- WORK TASK
Entries below include pictures. Output exactly the lines from the one with "Hyundai i40 Other" down to the one with "Chinelo Nuvem Infantil", both ends included, and leave the pictures out.

- DATASET RECORDS
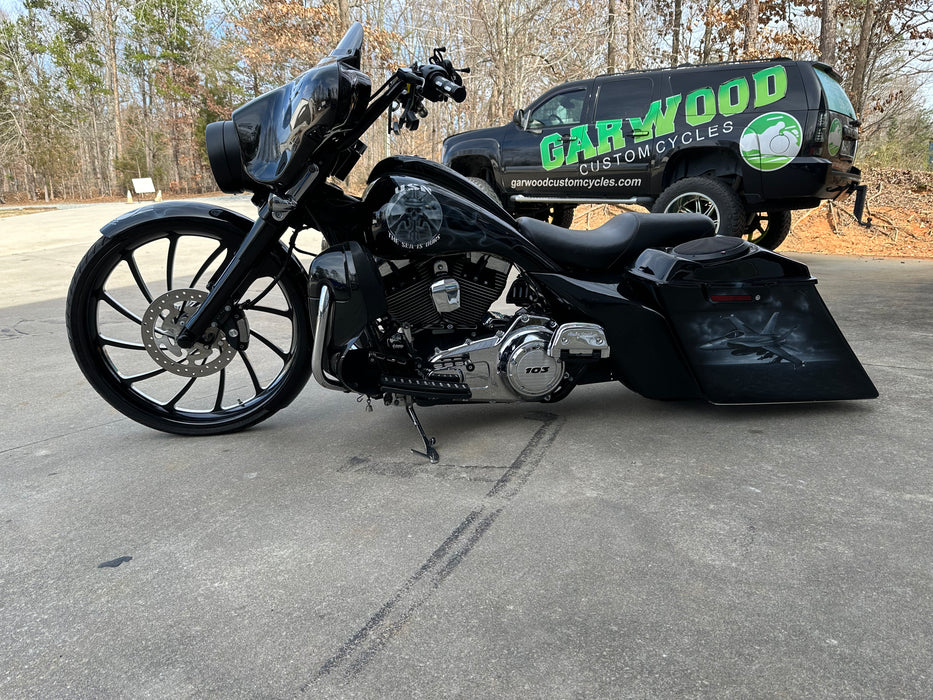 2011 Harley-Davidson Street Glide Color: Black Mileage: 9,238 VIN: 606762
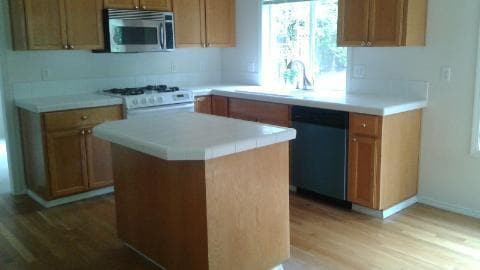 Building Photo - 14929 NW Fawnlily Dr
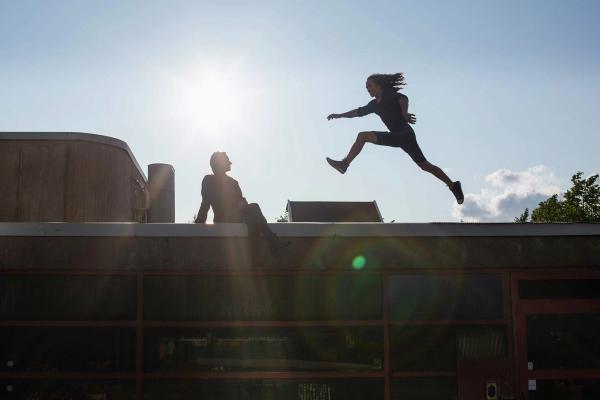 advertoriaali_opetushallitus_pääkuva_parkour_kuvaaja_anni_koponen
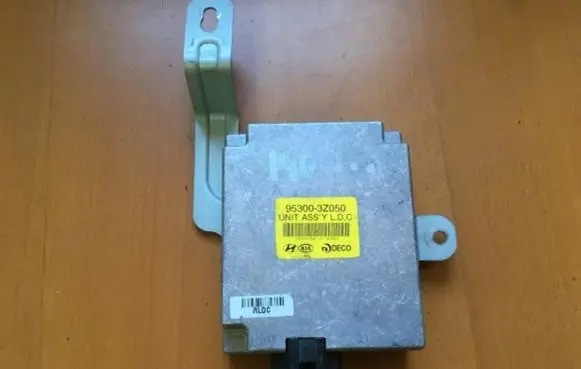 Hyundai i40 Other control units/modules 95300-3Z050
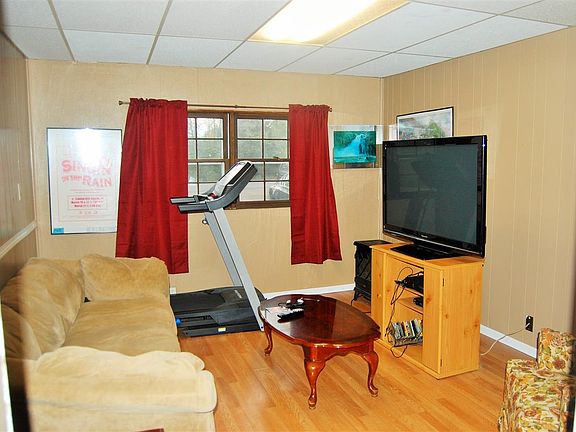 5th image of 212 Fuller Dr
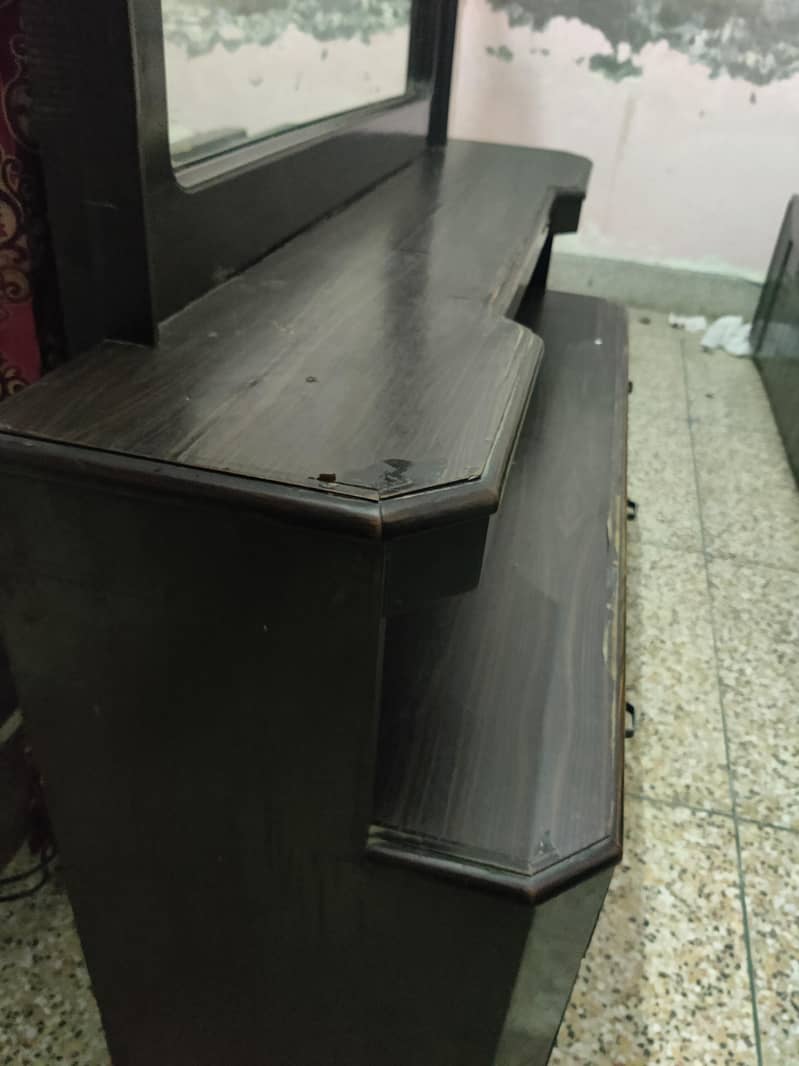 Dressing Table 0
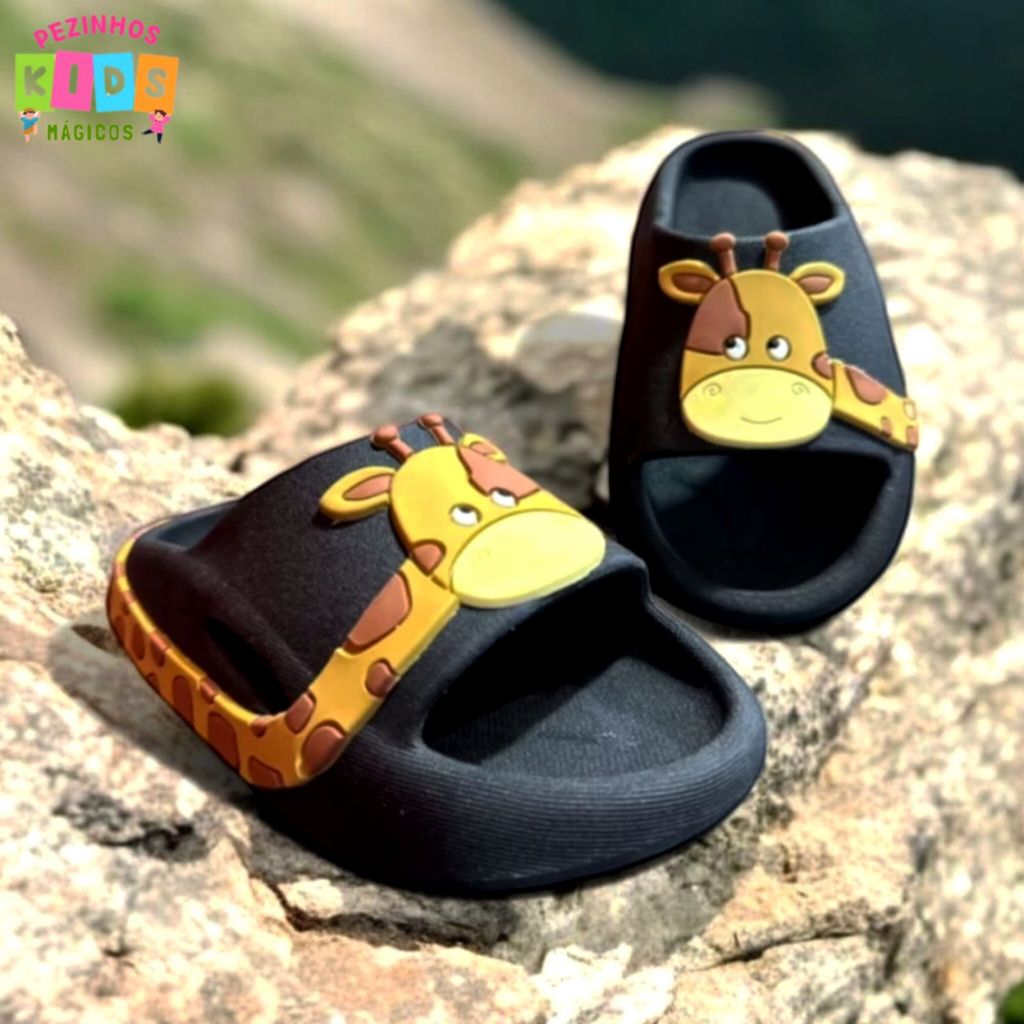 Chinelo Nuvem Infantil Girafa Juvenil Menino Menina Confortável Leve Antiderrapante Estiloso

==

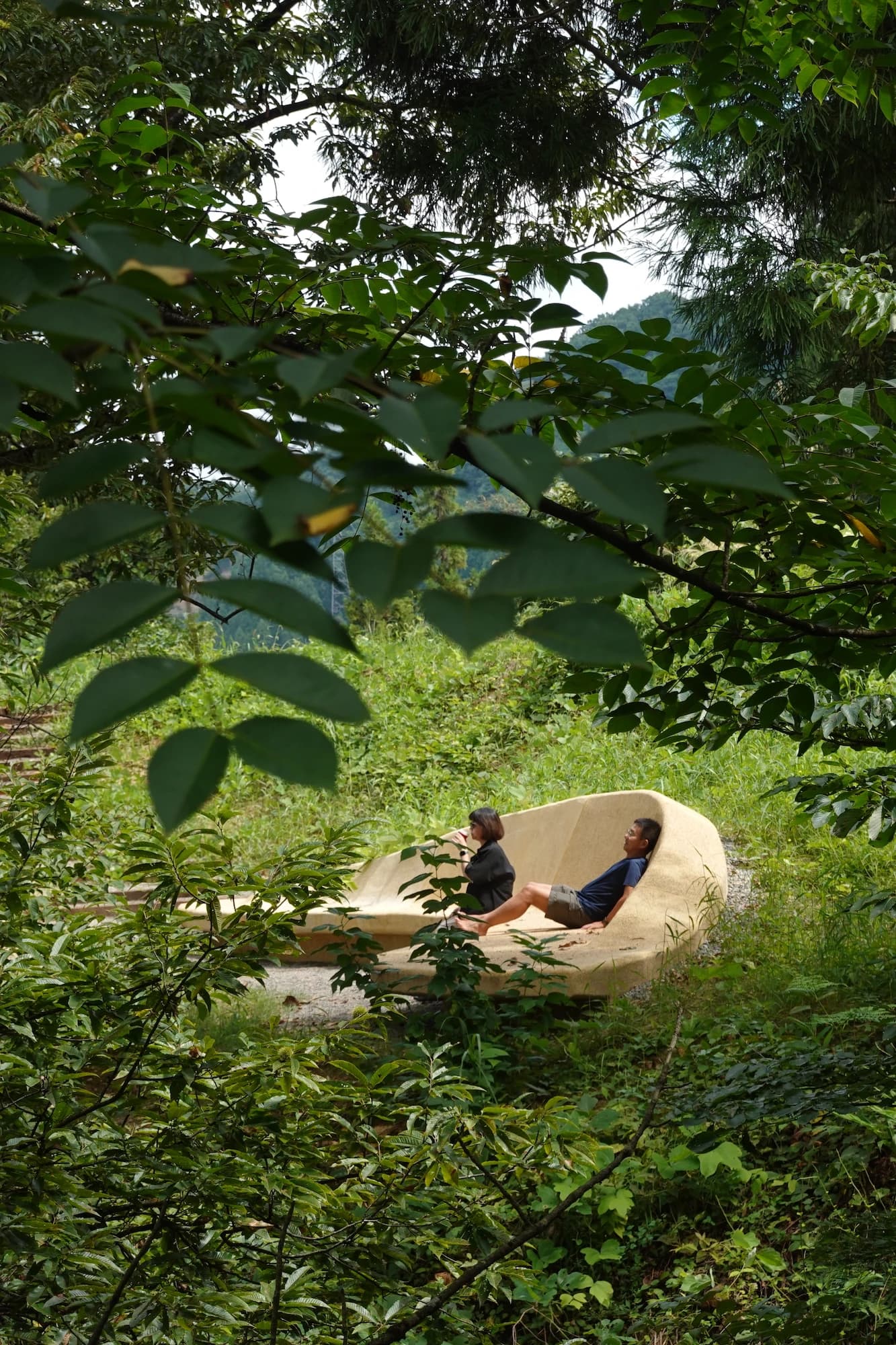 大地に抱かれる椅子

- TASK RESULT
 Hyundai i40 Other control units/modules 95300-3Z050
 5th image of 212 Fuller Dr
 Dressing Table 0
 Chinelo Nuvem Infantil Girafa Juvenil Menino Menina Confortável Leve Antiderrapante Estiloso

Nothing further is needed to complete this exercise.